Un autre enseignement important n'a pas manqué d'éveiller la curiosité des observateurs tunisiens. Le ministre de la Santé, Ali Mrabet, et le ministre de l'Agriculture, Abdelmonem Belati, tous deux militaires de haut rang, ont été écartés de leurs postes. Le ministre de la Défense, Imed Memmiche, a également été limogé de ses fonctions, chose plutôt inhabituelle dans ce département. Néanmoins, un autre militaire de haut rang, en la personne de Mustapha Ferjani, récemment promu au grade de général de corps d'armée, fait son entrée au gouvernement au poste de ministre de la Santé. Certains affirment qu'il s'agit là de la preuve que la rupture est consommée entre le président de la République, Kaïs Saïed, et l'armée. Récemment, plusieurs observateurs se sont étonnés du traitement de la question du manque d'eau en Tunisie, quand le président avait directement accusé des lobbies de couper volontairement l'eau portable et en affirmant que celle-ci était disponible en quantité suffisante. Un discours totalement opposé à celui du ministre qui met plutôt en avant des raisons objectives liées à la sécheresse et à l'infrastructure. Pour rappel, avant de devenir ministre de l'Agriculture, Abdelmonem Belati était inspecteur général des forces armées. Il a également le grade de général de division. D'un autre côté, certains interprètent la nomination de Mustapha Ferjani au ministère de la Santé comme une mesure d'éloignement du palais présidentiel où il était ministre-conseiller du président de la République.
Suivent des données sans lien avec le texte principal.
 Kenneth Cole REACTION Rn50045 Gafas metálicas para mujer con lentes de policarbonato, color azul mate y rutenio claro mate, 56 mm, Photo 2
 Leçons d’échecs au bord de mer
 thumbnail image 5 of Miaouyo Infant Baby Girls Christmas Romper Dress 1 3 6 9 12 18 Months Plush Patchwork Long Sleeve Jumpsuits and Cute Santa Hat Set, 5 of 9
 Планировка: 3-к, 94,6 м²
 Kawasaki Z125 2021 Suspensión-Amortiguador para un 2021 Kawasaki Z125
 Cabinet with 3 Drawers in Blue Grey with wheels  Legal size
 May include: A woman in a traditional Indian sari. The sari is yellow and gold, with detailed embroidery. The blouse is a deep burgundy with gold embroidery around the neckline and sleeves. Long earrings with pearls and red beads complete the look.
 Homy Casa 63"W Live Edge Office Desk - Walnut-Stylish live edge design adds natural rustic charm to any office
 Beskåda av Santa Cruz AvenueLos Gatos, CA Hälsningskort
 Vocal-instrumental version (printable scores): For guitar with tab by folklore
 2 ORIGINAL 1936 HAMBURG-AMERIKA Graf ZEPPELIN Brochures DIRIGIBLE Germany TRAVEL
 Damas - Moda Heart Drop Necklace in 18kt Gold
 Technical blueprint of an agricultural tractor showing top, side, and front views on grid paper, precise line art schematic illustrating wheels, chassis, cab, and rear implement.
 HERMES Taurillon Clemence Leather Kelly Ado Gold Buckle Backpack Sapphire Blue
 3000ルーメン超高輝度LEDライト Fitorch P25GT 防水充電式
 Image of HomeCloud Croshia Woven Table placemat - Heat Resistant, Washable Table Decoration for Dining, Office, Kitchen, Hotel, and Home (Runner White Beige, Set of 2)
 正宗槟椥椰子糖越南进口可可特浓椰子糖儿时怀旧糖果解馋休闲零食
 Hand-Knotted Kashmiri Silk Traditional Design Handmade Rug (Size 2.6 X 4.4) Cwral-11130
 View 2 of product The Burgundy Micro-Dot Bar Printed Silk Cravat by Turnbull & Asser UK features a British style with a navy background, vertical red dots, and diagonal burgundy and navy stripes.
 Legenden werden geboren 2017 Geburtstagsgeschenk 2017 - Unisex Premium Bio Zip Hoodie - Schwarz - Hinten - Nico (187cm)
Par ailleurs, le remaniement décidé par le président de la République un dimanche d'août comporte ses quelques curiosités, comme les précédents. Certaines « stars » du gouvernement se retrouvent sur la touche comme le désormais ancien ministre des Affaires étrangères, Nabil Ammar, ou encore la ministre de l'Education, Salwa Abassi, dont le mandat n'aura duré qu'un peu moins de cinq moi et qui n'aura connu aucune rentrée scolaire en tant que ministre. Le successeur de Nabil Ammar au ministère des Affaires étrangères, Mohamed Ali Nafti, avait été limogé par le même Kaïs Saïed le 30 juillet 2021 de son poste de secrétaire d'Etat aux Affaires étrangères dans le gouvernement de Hichem Mechichi. La compétence de l'homme fait l'unanimité au sein des cercles diplomatiques tunisiens, mais la démarche présidentielle est bizarre. Khaled Shili, nommé au ministère de la Défense, avait été proposé dans le gouvernement de Habib Jemli, soutenu par Ennahdha début 2020, au poste de ministre des Affaires étrangères. Encore une fois, indépendamment de la compétence certaine de M. Shili, le choix semble insolite tant le président de la République a diabolisé cette période, ses acteurs et ses choix. On ne compte plus les fois où le président Kaïs Saïed avait accusé les gouvernements d'avant son coup de force du 25-Juillet de complots et d'atteinte aux intérêts du peuple et de l'Etat. « Ils cherchent à exploser l'Etat de l'intérieur », a-t-il répété un nombre incalculable de fois. Apparemment, cela ne leur enlève pas la qualité de faire certains bons choix.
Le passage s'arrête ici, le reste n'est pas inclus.